Ivy Aberdeen’s Letter to the World by Ashley Herring Blake
My rating: 3.5 of 5 stars
First Published: March 6th, 2018
Publisher: Little, Brown BFYR
Recommended Age: 10+
Genres & Themes: Young Adult, Contemporary, LGBT, Friendship, Introspection
When a tornado rips through town, twelve-year-old Ivy Aberdeen’s house is destroyed and her family of five is displaced. Ivy feels invisible and ignored in the aftermath of the storm–and what’s worse, her notebook filled with secret drawings of girls holding hands has gone missing. Mysteriously, Ivy’s drawings begin to reappear in her locker with notes from someone telling her to open up about her identity. Ivy thinks–and hopes–that this someone might be her classmate, another girl for whom Ivy has begun to develop a crush. Will Ivy find the strength and courage to follow her true feelings?
Ivy knew that wondering was what life was all about. Wondering was how you found yourself.
This book is an explosion of emotions.
I did not expect to be reading a middle grade story. This is my fourth book from this author, and I was sure I knew her style and genre of choice by now, but this just shows that authors will try different things—sometimes it works for them, sometimes it doesn’t.

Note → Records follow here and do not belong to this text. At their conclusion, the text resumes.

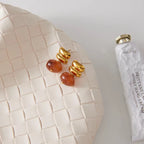 Non-tarnish 18k gold natural stone earrings with a 1-year anti-tarnish warranty.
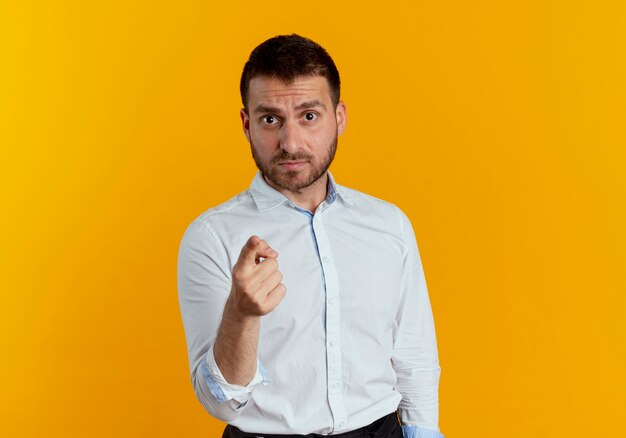 Sguardi e punti bell'uomo serio isolati sulla parete arancione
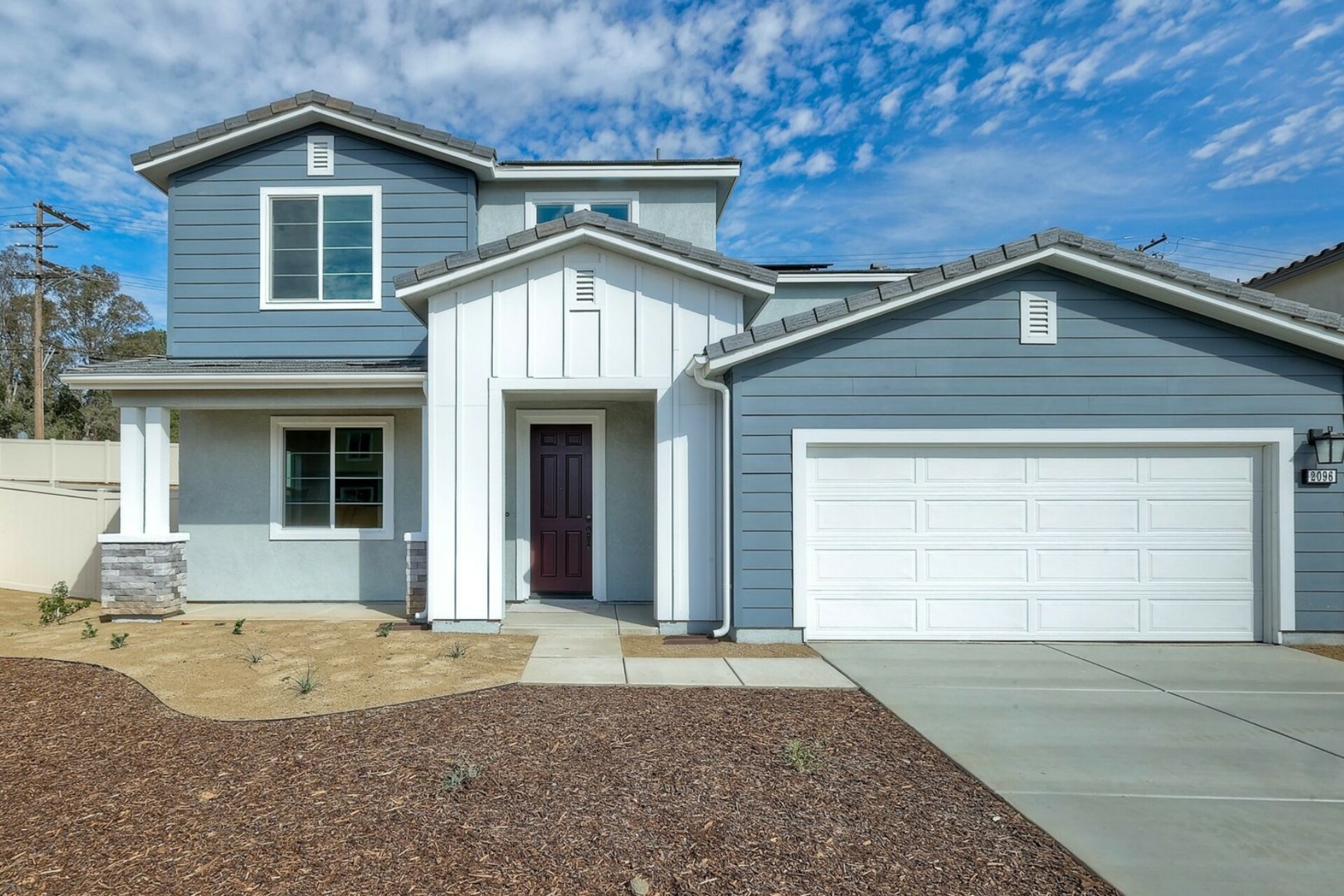 multicolored exterior with a white windowless garage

Well I sure hope Ashley Herring Blake will surprise us with more middle grade reads in the future. This is a powerful debut in that genre. It is not without flaws but I’m sure the author will learn from her mistakes and present us with something even more splendid next time.
But let’s take a break from predictions of the future and focus on IVY ABERDEEN’S LETTER TO THE WORLD. How I wish there were LGBT middle grade books with characters that are questioning their sexuality when I was around eleven. Perhaps there were, but not in my library. So there was no heroine I could go to for answers as I was wondering if I was in love with my best friend. Yes, that did happen to me. Glad to know, nine years later, that I wasn’t the only one. (LOL)
Ivy knows that she doesn’t think about boys the way her sister and her best friend do. But she doesn’t know for sure if she’s lesbian—that word, by the way, never comes up. She questions herself. Somehow, when she meets June, she finds answers but even more questions also. After she learns that her notebook, in which she spilled her deepest secret, disappears, Ivy becomes anxious and tries everything to find it back. What if it falls in the wrong hands—her sister, for instance?
This author is known to write in the first person point of view, so I was surprised when she switched to third person for this book. More often than not, I wished I could get Ivy’s thoughts directly, without going through the omniscient narrator. Also, the names of the characters are repeated an exaggerated amount of times on each page. It was as though the author feared we would forget them—seriously?
Last thing: Because Ivy is so introspective and asks herself so many questions, she often forgets to interest herself in other people, meaning that the only person we get to know well enough to connect with on a meaningful level is Ivy herself. At the same time, this *may* be why I came to love Ivy with all my heart… She is relatable, good-heartened and insightful. Perfect trio.
Despite the imperfections, this remains an important and beautifully-told story. Shelves would be lucky to possess it.